::: Information provided

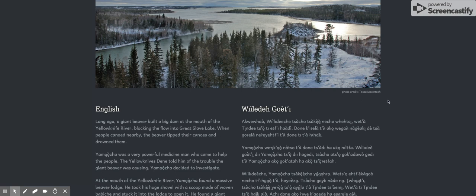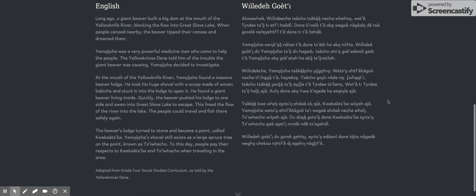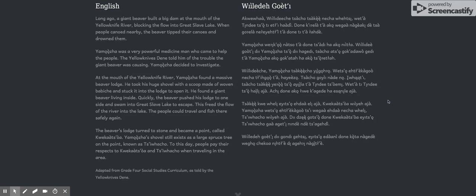Yamaja was a very powerful medicine man who came to help the people. The Yellowknife's Dene told him of the trouble the giant beaver was causing. Yamaja decided to investigate.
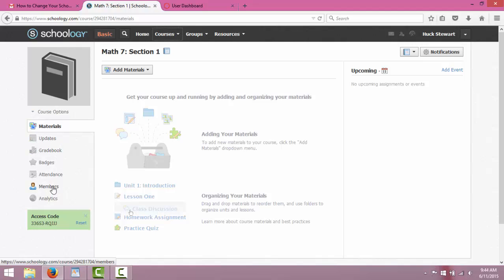And you can click and look at members here. You can add more than just students to this. You can add other teachers to this course that can view and edit this course so that you can collectively work together to create a course.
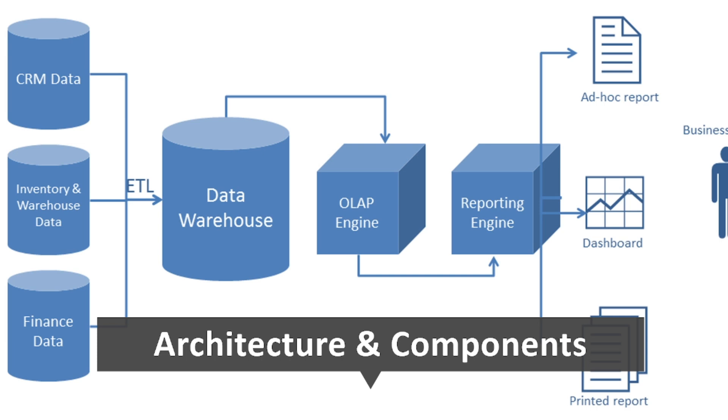Hey everyone, welcome back to the Mastering Data Warehousing and Business Intelligence series. I'm so glad you're here because today we're diving into something super important, the architecture and components of a data warehouse and business intelligence system. This is the backbone of how organizations turn raw data into actionable insights.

::::::

- What is being asked
Pictures excluded, quote all the data above exactly.

- Output of the exercise
Yamaja was a very powerful medicine man who came to help the people. The Yellowknife's Dene told him of the trouble the giant beaver was causing. Yamaja decided to investigate.
And you can click and look at members here. You can add more than just students to this. You can add other teachers to this course that can view and edit this course so that you can collectively work together to create a course.
Hey everyone, welcome back to the Mastering Data Warehousing and Business Intelligence series. I'm so glad you're here because today we're diving into something super important, the architecture and components of a data warehouse and business intelligence system. This is the backbone of how organizations turn raw data into actionable insights.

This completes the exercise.